Fils d’un musicien et ancien séminariste évangélique, Cláudio Castro s’est hissé au pouvoir en 2021 à la faveur d’un scandale de corruption ayant entraîné la destitution de son prédécesseur. Depuis, il s’est imposé comme l’une des figures les plus influentes de la droite brésilienne. Réélu en 2022 sous l’étiquette du Parti libéral, le même que Jair Bolsonaro, il gouverne en conjuguant ferveur religieuse et politique de poigne, dans un État gangrené par le crime et miné par les inégalités.

Son style tranche avec celui des technocrates de Brasilia : proche des églises évangéliques, amateur de musique gospel, Castro revendique sa foi comme boussole politique. Il séduit les milieux populaires avec un discours simple : « Dieu, famille et sécurité ». Son gouvernorat se fonde sur une ligne dure en matière de criminalité : multiplication des raids policiers dans les favelas, hausse du budget sécuritaire et rhétorique martiale. Ses partisans le décrivent comme un homme « du terrain », tandis que ses détracteurs dénoncent un usage excessif de la force et une instrumentalisation des opérations pour asseoir son autorité.
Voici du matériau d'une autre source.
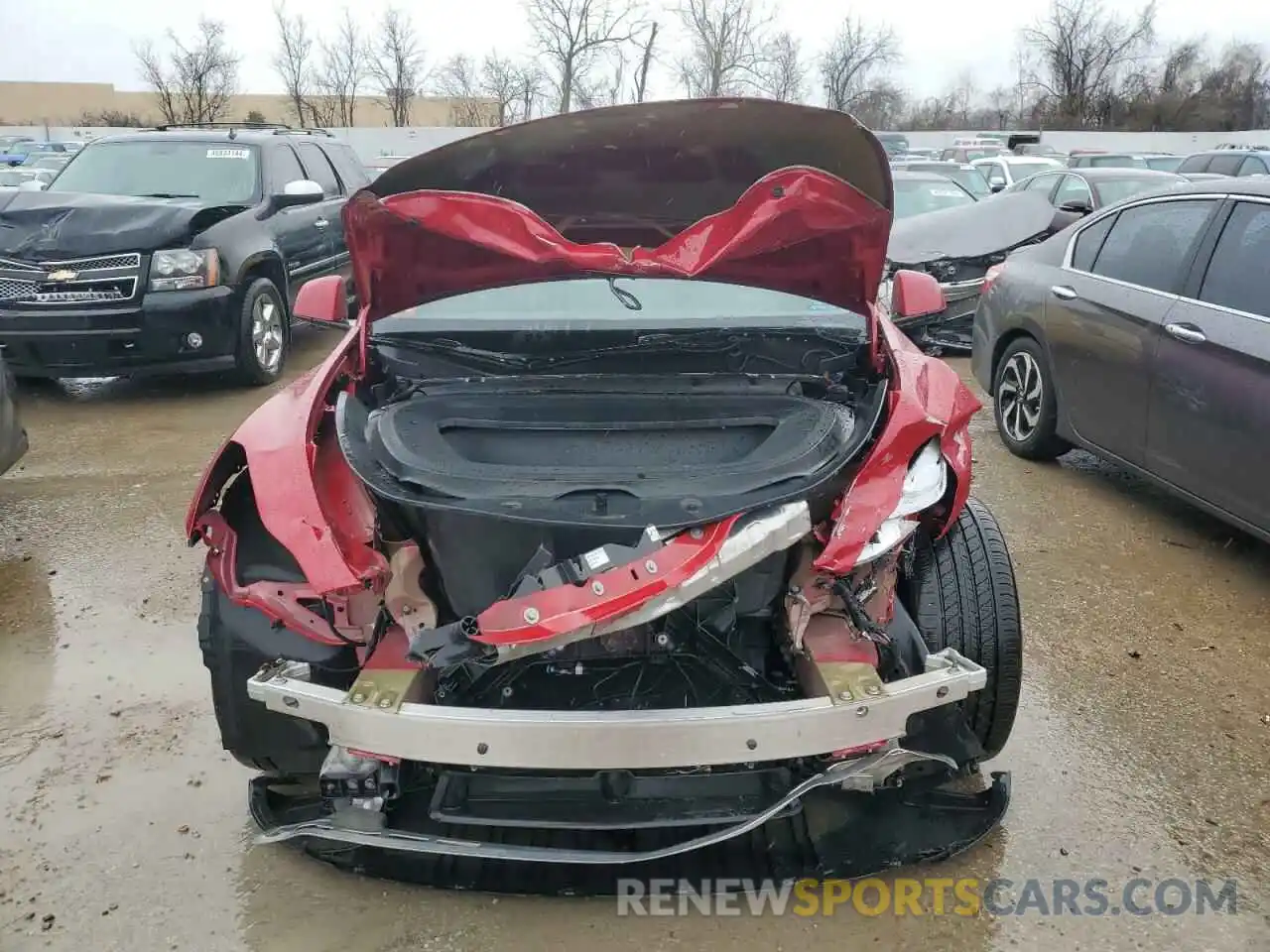 5 Photograph of a damaged car 5YJYGDEE6MF253325 TESLA MODEL Y 2021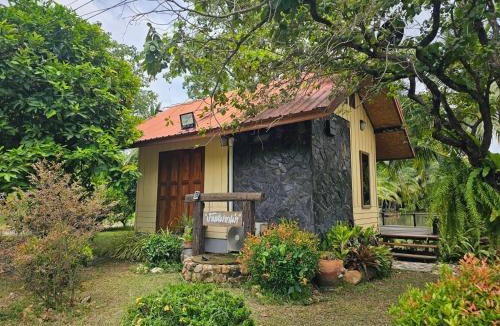 Khanu Woralaksaburi House | Bansuankeptawan farmstay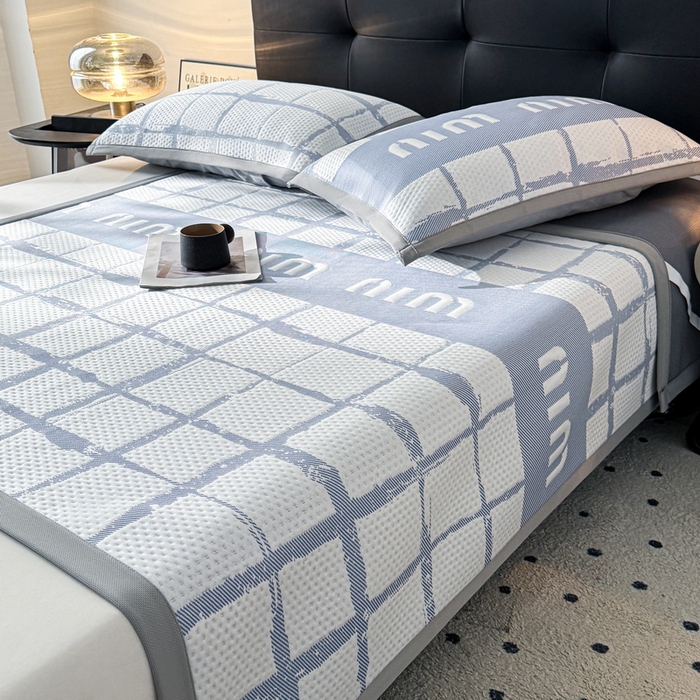 91家纺网 家纺一手货源 找家纺 LIFE.丽芙 2025春夏季新品A类针织提花冰凉豆豆凉感软席子平铺绑带款冰丝凉席三件套（450克）-风格一 几何字母-海蓝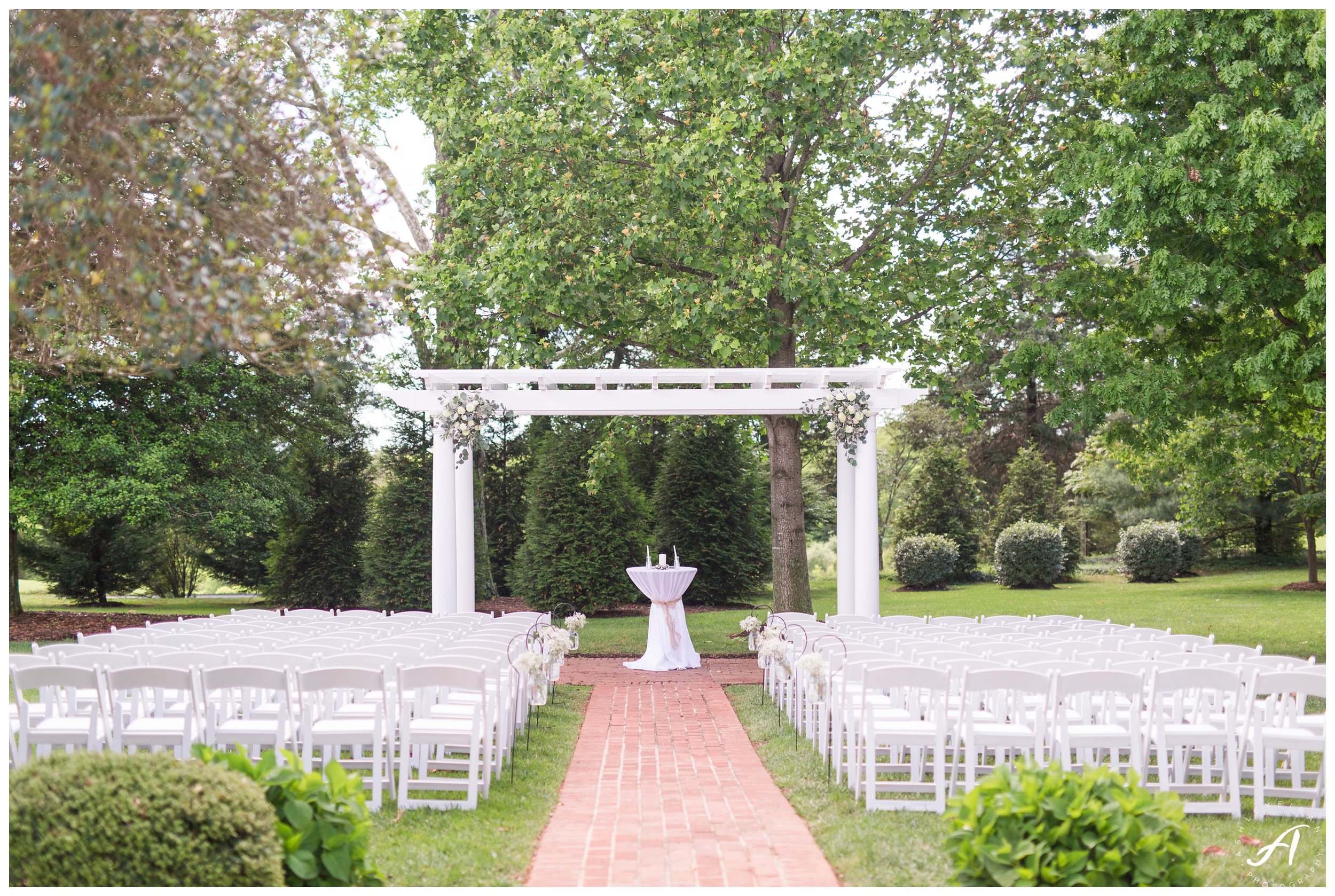 Garden Wedding at The Trivium Estate in Forest Virginia || Wedding Photographer in Charlottesville and Lynchburg VA || www.ashleyeiban.com
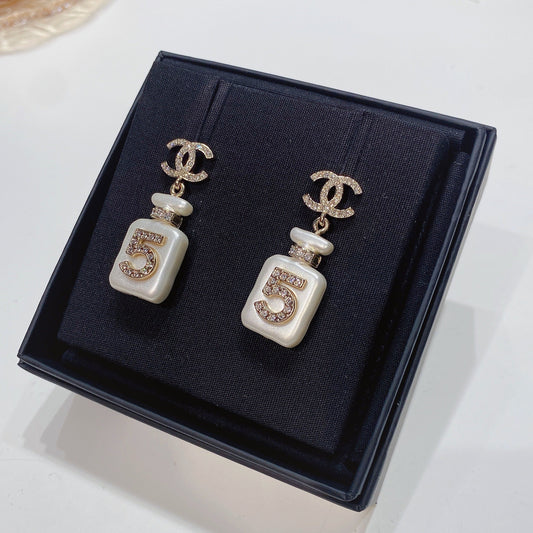 No.3680-Chanel Crystal Perfume Bottle Earrings (Brand New / 全新貨品)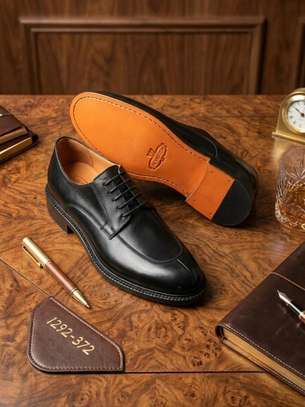 Chaussures cuir noir habillées semelle cousue image 2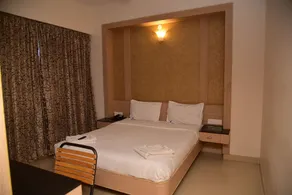 Hotel Varshan International - Champagne service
Le continuateur du bolsonarisme carioca

Cláudio Castro incarne la continuité du courant bolsonariste au niveau local. Réélu en 2022 sous la bannière du Parti Libéral (PL), le même que Jair Bolsonaro, il s’est affiché à plusieurs reprises aux côtés de l’ancien président, notamment lors de meetings sécuritaires et de campagnes contre « le crime et la corruption ». Son électorat, très fidèle, mêle policiers, militaires, pasteurs évangéliques et commerçants de la périphérie. Castro partage avec Bolsonaro une vision ultra-centralisée du pouvoir, hostile aux ONG et méfiante envers les médias.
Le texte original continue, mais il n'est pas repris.